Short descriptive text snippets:
__________________________________________________

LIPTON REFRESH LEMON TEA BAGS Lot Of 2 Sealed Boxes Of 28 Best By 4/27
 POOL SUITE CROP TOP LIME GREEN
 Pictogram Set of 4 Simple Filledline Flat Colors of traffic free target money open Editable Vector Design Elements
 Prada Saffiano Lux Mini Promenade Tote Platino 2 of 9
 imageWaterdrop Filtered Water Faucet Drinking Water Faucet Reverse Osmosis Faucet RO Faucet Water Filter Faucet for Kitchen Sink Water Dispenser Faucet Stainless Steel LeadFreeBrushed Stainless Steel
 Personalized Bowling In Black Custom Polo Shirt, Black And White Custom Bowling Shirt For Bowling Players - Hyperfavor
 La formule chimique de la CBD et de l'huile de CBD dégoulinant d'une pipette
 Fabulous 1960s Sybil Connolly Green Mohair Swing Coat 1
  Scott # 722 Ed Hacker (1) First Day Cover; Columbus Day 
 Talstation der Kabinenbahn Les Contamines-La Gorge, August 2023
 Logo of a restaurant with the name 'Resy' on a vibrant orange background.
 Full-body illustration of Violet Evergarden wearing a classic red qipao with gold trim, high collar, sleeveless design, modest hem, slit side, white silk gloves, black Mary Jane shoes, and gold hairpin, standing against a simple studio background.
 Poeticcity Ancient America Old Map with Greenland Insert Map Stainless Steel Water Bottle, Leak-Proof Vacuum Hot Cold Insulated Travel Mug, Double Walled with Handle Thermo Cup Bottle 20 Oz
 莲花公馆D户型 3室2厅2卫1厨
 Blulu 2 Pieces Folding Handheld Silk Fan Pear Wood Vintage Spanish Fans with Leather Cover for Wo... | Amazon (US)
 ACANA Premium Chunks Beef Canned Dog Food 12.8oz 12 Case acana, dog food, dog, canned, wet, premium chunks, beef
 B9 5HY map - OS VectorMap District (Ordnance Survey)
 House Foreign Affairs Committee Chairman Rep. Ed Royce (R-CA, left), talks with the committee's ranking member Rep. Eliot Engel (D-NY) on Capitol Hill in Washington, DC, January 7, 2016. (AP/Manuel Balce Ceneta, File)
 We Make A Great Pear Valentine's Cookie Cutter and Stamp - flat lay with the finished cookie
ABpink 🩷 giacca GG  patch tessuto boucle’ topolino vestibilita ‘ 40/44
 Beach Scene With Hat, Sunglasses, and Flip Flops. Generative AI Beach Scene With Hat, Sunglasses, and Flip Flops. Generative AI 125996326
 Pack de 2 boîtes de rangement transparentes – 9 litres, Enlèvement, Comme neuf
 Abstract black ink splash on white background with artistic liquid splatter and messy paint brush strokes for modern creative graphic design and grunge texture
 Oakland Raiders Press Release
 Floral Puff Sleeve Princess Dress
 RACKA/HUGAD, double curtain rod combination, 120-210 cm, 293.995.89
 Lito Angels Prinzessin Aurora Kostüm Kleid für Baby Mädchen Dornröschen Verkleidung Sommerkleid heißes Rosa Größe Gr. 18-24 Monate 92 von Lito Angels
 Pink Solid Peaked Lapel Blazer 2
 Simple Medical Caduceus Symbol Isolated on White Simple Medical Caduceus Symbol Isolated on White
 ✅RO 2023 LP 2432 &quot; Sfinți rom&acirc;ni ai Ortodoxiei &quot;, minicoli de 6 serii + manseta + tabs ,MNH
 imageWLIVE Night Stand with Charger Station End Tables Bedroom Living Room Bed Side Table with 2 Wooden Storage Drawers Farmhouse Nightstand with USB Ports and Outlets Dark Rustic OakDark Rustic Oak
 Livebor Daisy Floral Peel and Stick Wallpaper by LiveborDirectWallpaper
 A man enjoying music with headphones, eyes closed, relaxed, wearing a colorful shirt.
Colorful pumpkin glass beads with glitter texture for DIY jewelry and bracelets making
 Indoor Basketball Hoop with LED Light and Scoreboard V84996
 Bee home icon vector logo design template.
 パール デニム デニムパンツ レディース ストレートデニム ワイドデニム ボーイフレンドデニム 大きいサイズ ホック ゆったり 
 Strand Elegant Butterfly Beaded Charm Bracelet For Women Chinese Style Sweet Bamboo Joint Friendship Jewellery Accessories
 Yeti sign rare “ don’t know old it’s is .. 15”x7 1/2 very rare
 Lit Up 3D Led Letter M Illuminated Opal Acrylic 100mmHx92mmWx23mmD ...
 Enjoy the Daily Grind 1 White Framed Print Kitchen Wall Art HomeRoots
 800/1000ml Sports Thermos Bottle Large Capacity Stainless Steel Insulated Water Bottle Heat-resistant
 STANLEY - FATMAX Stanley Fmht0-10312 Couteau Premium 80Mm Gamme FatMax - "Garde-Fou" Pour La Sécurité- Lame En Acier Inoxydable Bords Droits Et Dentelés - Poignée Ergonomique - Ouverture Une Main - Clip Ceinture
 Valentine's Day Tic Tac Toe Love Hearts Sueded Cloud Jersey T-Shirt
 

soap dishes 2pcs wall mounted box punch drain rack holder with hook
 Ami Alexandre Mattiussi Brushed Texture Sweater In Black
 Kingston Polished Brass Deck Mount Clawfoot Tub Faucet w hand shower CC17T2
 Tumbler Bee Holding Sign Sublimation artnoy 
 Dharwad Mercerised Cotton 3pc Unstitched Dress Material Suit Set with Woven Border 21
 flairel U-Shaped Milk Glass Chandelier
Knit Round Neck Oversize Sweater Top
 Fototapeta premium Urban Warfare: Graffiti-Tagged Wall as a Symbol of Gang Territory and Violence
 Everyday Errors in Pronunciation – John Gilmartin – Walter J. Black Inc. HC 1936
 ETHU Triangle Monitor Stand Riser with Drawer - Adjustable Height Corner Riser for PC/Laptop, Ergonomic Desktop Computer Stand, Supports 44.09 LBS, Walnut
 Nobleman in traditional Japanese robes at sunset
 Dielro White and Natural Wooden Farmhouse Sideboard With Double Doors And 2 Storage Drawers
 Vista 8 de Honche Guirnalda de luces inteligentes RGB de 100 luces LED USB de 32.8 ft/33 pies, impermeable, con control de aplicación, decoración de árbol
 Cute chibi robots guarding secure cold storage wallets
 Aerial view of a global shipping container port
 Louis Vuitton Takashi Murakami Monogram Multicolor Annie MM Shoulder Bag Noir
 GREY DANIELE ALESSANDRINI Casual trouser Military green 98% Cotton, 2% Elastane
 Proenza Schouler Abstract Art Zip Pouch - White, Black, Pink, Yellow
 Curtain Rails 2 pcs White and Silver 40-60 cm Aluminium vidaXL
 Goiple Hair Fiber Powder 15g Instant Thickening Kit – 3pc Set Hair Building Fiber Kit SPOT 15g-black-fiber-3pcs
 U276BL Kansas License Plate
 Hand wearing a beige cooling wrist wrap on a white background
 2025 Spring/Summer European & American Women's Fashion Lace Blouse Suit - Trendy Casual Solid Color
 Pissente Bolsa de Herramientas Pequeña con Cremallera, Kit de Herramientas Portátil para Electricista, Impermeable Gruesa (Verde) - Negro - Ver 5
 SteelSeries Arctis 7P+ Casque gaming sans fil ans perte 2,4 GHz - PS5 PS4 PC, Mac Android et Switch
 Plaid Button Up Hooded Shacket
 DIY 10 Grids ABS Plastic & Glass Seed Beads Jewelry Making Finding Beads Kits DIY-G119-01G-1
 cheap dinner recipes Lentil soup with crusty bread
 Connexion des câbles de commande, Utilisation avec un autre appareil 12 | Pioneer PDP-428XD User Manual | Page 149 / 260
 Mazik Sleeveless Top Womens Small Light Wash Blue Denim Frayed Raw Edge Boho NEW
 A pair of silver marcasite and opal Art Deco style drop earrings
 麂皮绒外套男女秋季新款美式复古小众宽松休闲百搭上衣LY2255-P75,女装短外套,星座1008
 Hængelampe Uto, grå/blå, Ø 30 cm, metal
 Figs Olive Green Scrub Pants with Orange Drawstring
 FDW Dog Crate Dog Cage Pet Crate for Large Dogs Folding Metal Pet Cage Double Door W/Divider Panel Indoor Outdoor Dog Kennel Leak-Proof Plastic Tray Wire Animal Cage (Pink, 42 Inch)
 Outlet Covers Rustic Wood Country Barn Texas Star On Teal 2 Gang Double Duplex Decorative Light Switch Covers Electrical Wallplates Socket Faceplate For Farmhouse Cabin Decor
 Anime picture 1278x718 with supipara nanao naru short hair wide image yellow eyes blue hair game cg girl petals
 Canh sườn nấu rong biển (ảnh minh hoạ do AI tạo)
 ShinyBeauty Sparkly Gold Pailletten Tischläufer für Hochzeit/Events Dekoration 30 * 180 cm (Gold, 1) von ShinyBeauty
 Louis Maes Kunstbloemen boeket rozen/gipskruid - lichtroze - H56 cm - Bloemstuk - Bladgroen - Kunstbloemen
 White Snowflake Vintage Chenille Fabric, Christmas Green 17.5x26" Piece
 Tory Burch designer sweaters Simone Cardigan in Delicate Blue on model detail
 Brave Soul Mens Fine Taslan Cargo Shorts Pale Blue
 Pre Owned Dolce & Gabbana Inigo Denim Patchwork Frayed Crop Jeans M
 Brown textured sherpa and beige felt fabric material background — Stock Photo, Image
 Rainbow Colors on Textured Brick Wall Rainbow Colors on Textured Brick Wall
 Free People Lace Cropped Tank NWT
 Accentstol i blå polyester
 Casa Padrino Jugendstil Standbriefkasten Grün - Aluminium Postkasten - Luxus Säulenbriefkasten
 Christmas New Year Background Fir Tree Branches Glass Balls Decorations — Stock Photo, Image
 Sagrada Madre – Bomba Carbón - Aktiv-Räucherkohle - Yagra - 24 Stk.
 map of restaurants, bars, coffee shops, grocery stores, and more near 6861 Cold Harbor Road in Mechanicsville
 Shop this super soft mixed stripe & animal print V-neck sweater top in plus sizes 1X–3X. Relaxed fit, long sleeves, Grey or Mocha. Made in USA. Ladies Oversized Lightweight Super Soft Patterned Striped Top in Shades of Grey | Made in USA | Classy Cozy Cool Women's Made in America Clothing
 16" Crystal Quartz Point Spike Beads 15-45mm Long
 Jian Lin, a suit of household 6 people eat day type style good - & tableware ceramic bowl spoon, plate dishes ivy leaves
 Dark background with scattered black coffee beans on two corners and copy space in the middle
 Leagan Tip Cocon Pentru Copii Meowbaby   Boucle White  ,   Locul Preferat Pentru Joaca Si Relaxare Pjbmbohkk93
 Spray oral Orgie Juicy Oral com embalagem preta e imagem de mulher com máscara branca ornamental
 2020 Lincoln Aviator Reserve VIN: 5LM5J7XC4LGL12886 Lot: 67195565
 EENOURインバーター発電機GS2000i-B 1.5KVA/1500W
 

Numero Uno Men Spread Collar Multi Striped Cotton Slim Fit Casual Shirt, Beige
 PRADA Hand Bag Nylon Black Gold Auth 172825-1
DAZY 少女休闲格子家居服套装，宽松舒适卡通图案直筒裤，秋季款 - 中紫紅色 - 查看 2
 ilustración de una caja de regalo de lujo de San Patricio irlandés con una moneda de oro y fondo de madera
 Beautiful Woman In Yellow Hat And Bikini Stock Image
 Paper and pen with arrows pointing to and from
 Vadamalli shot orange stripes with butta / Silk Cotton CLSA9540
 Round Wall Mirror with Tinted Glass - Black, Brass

__________________________________________________

▸ **What is being asked**
Report only how many lines in the entries above contain the string "Folding".

▸ **Exercise output**
2